Bitunix Analyst: Non-farm Payrolls Reveal Data Distortion and Amplify Policy Expectations, Crypto Market Focuses on "Direction over Numbers"

BTC1,26%

BlockBeats News, December 16 — The US November Non-Farm Payrolls report will be released today. The market generally expects only about 50,000 new jobs and forecasts the unemployment rate may rise to 4.4%–4.5%, indicating a generally weak tone. FOREX.com pointed out that any results below expectations could accelerate market pricing in the Federal Reserve’s next rate cut; Mitsubishi UFJ also warned that if both employment and unemployment rates worsen simultaneously, the dollar selling pressure could persist until the end of the year.

It is important to note that both this non-farm report and the upcoming CPI data are “incomplete data.” Due to the government shutdown, October’s unemployment rate was missing historically, parts of the CPI components could not be re-measured, and the household survey weights for November were forced to be adjusted. The official also acknowledged that short-term data variance is high.

This means that the credibility of a single number decreases, and the market will be more inclined to trade on “policy expectation” and “risk sentiment changes” rather than on precise employment growth figures.

From a crypto market perspective, weak non-farm data combined with distorted data has a dual impact on risk assets: on one hand, the earlier rate cut expectations are beneficial for liquidity prospects and provide medium-term support for assets like BTC; on the other hand, increased data uncertainty could trigger short-term sharp fluctuations in interest rates, the dollar, and the crypto markets, making leveraged positions more vulnerable to liquidation.

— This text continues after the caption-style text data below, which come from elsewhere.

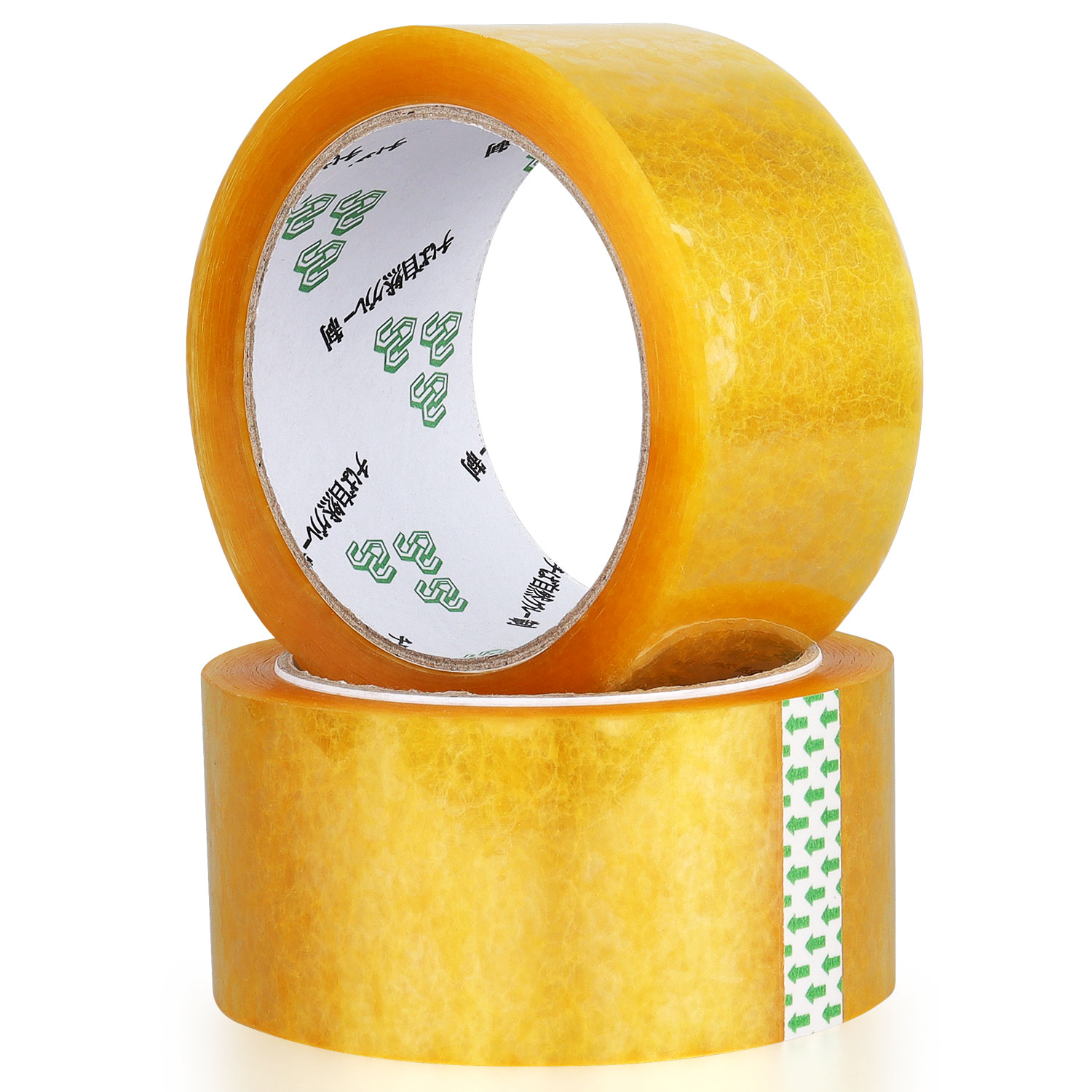 Packing Tapes Customized,Polyimide Tape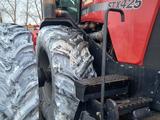 Case IH  Steiger 2006 года за 16 500 000 тг. в Атбасар – фото 5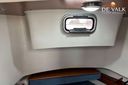 Rhea Marine 750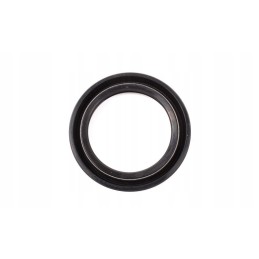 Simmering sealing ring 58x80x13mm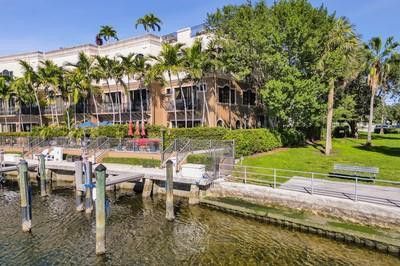 2260 SE 7 Street, Pompano Beach, FL 33062 Photo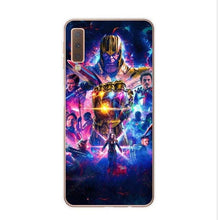 Load image into Gallery viewer, Samsung Movie Hero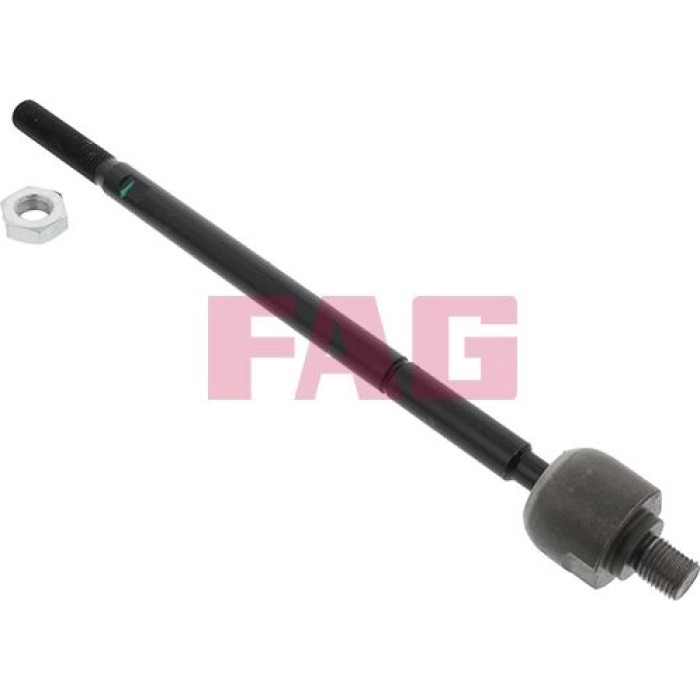 FAG Spurstangen-Axialgelenk 840 0109 10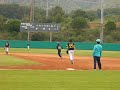 vila fc barcelona cadete doble de álvaro guillén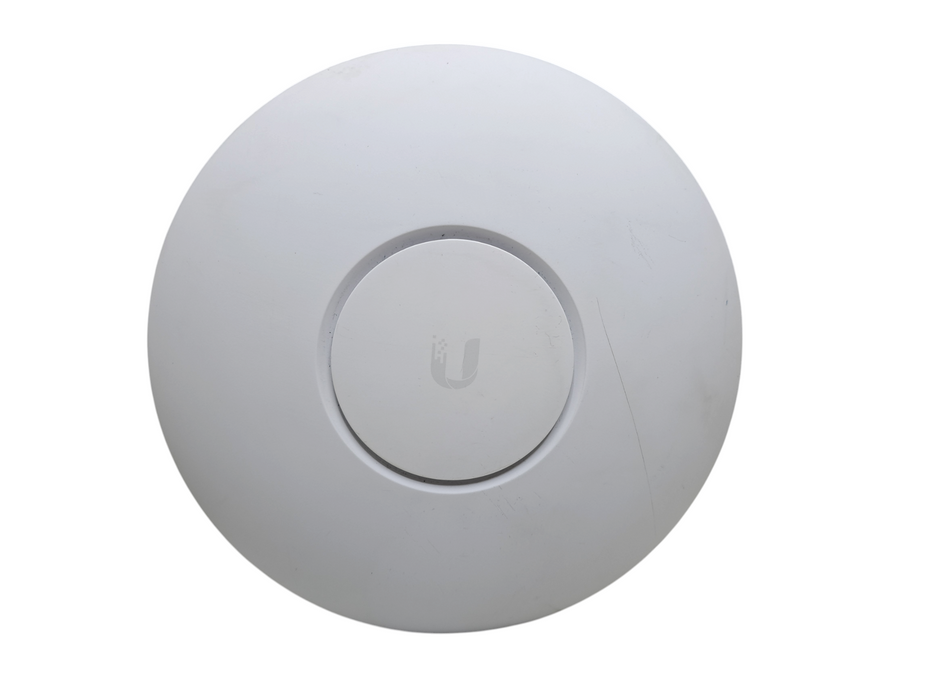 Ubiquiti Networks UAP-AC-PRO 1300Mbps Wireless Access Point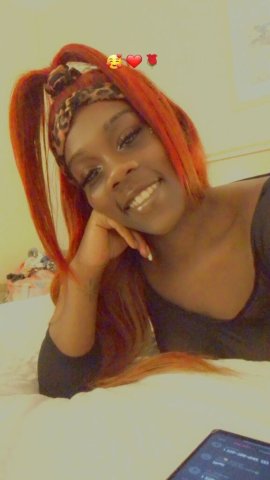  Head Only Specials — Incalls in Nashville, TN (Text for Price) - 1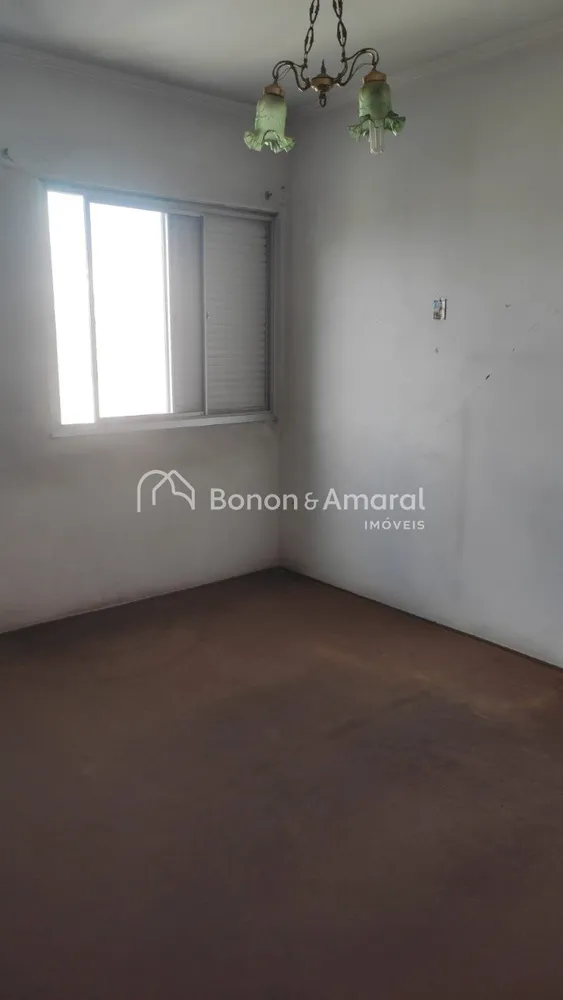 Apartamento, 3 quartos, 122 m² - Foto 2
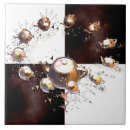 Search for teapot tiles White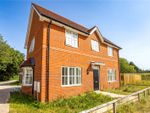 Thumbnail to rent in Old Portsmouth Road, Artington, Guildford, Surrey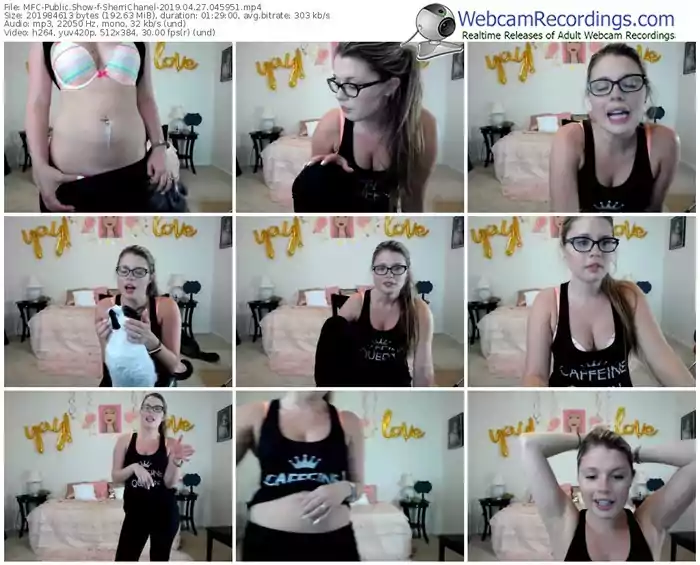 myfreecams-sherrichanel-webcam-show-04_27_2019-04_59_51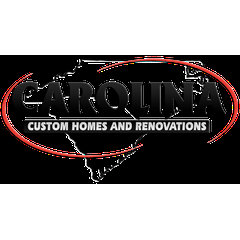 Carolina Custom Homes and Renovations,LLC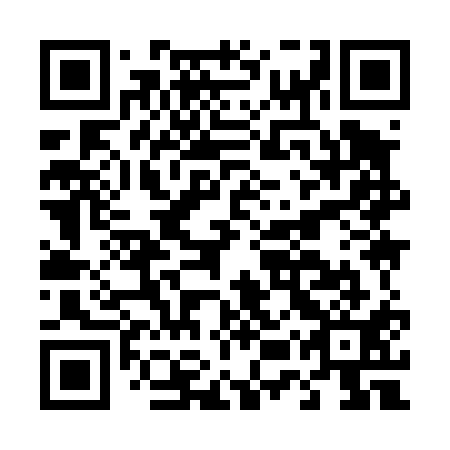 QR code for D5Y411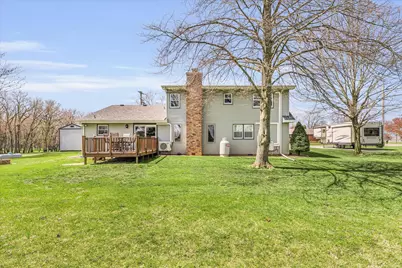 974 N Martha Court, Milford, IL 60953 - Photo 28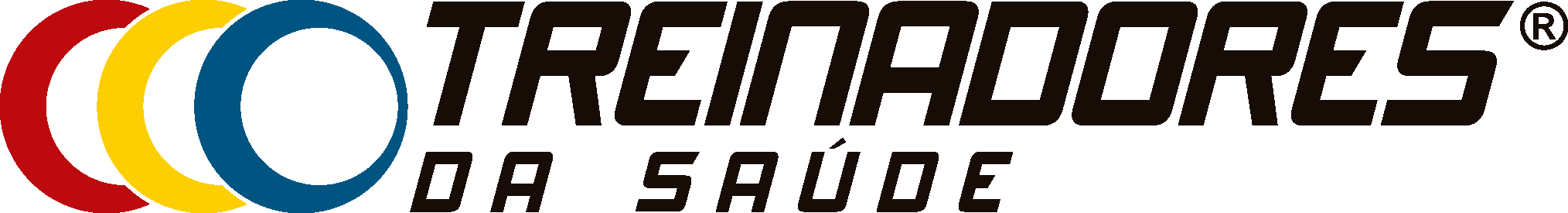 Treinadores da Saúde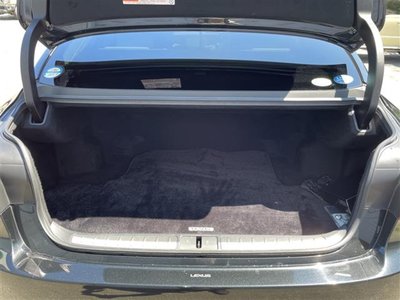 صورة مصغرة 22 لـ 2019 Lexus LS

Bitunix analyst: During the “low credibility macro data” phase, the core market debate is not about whether the non-farm payrolls are good or bad, but whether they are enough to change the Federal Reserve’s policy narrative. The crypto market needs to be alert to liquidity cleansing and high-volatility conditions before and after the event, with a focus on whether capital is leveraging macro uncertainties to de-leverage and re-price.